## PROBLEM STATEMENT
Please give back every entry in full, word for word, but none of the pictures.

## THE INPUT

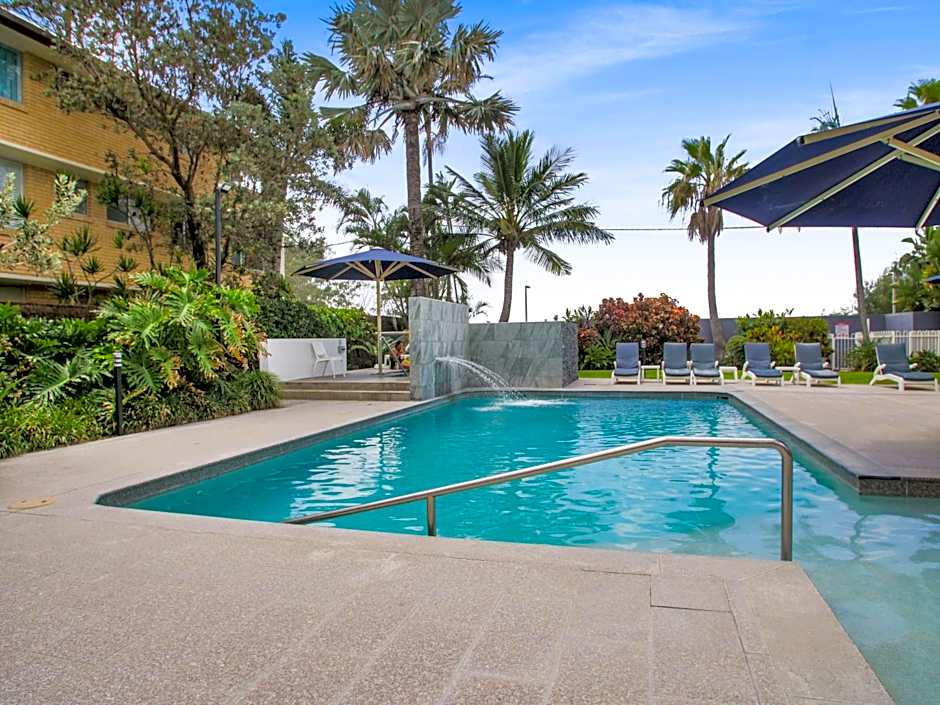 Boulevard Towers on Broadbeach
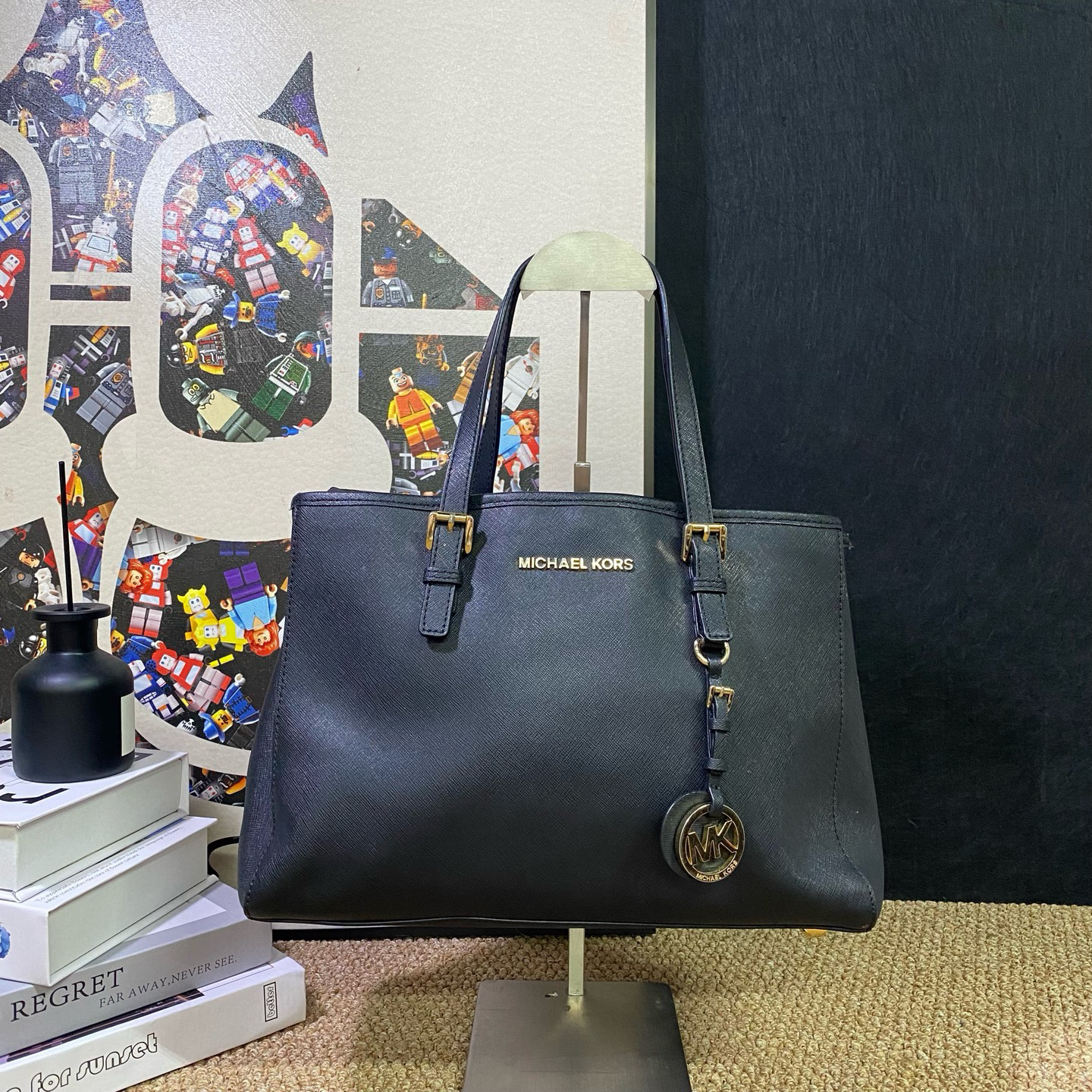 90新 MICHAEL KORS/迈克高仕 21870单肩包31*21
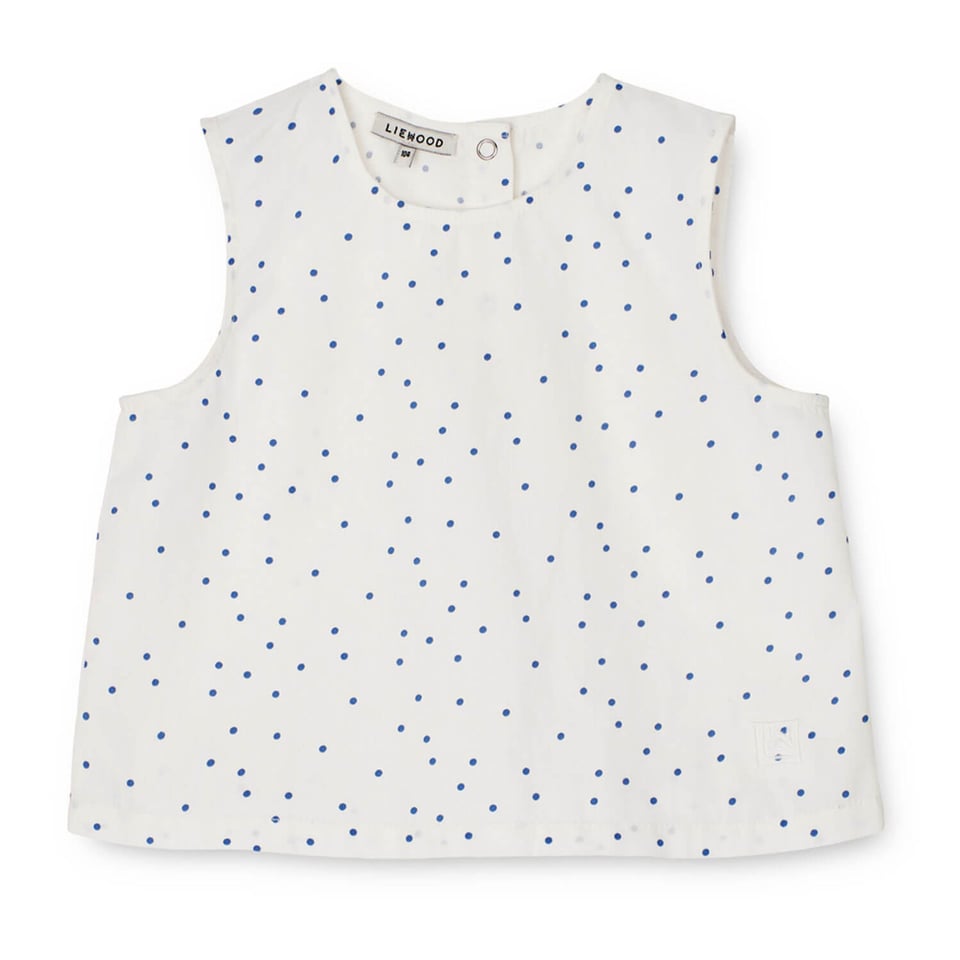 LIEWOOD Delphia Printed Kids Top 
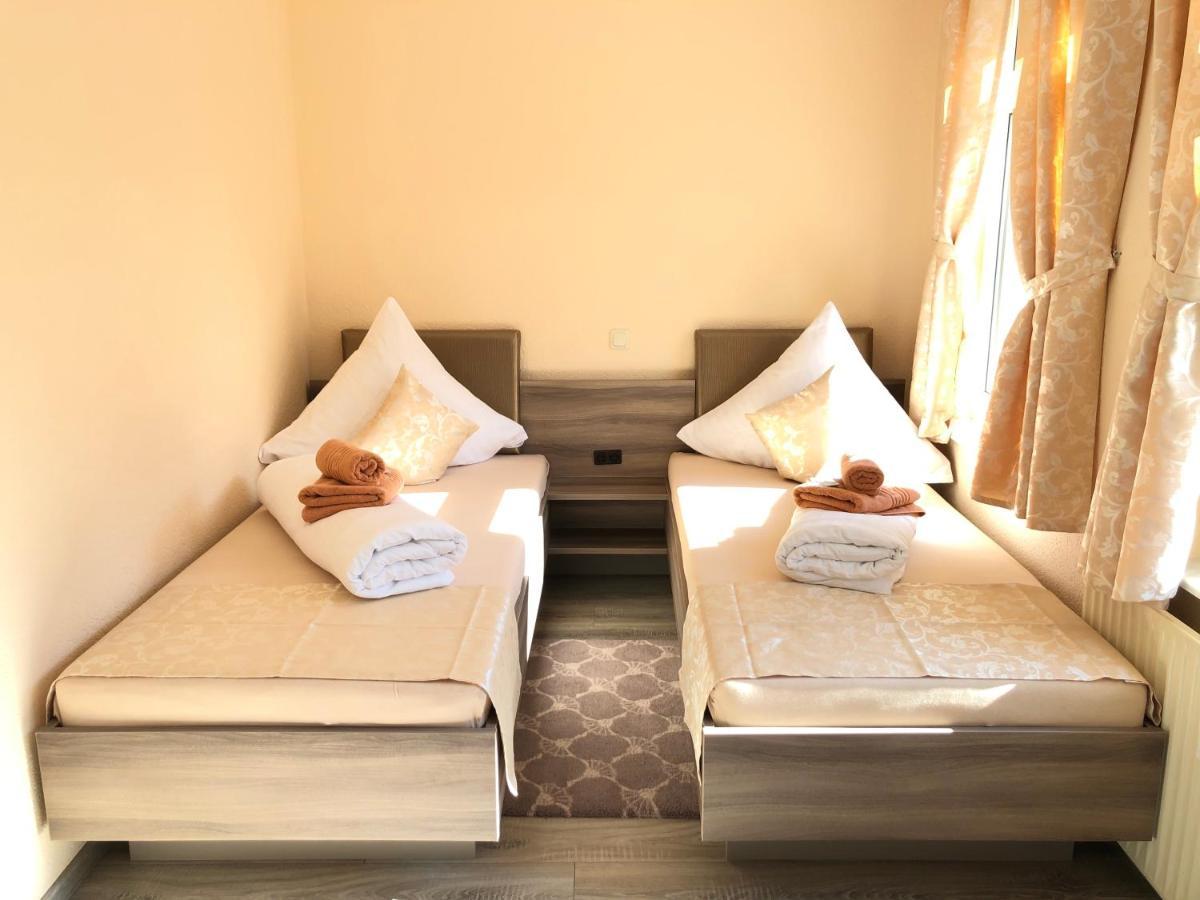 Pension Goldenes Vogtland Adorf Bagian luar foto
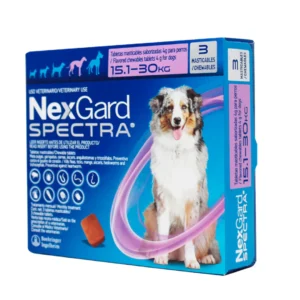 nexgard spectra perro ex chico 1 tab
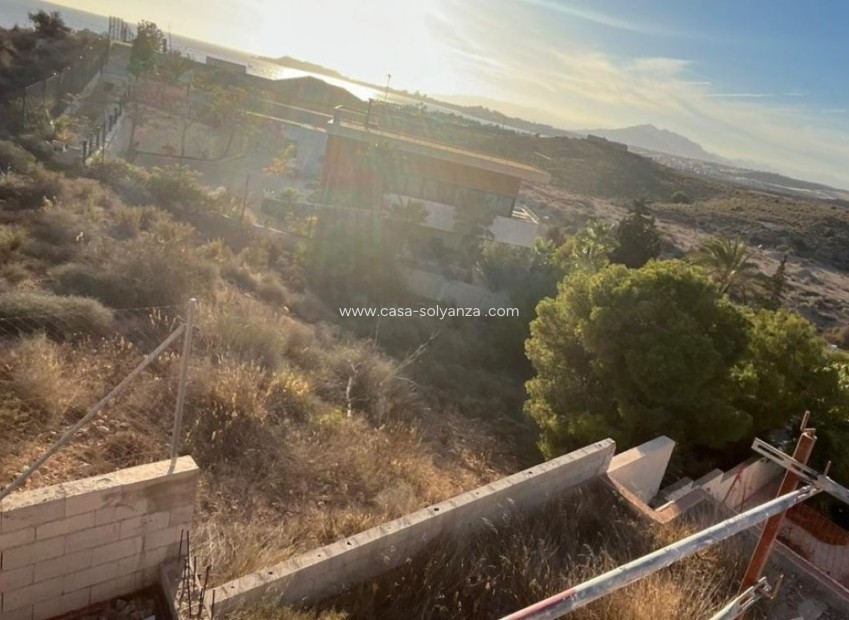 Wiederverkauf - Land - Cartagena - Isla Plana-los Puertos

## RESULT
 Boulevard Towers on Broadbeach
 90新 MICHAEL KORS/迈克高仕 21870单肩包31*21
 LIEWOOD Delphia Printed Kids Top 
 Pension Goldenes Vogtland Adorf Bagian luar foto
 nexgard spectra perro ex chico 1 tab
 Wiederverkauf - Land - Cartagena - Isla Plana-los Puertos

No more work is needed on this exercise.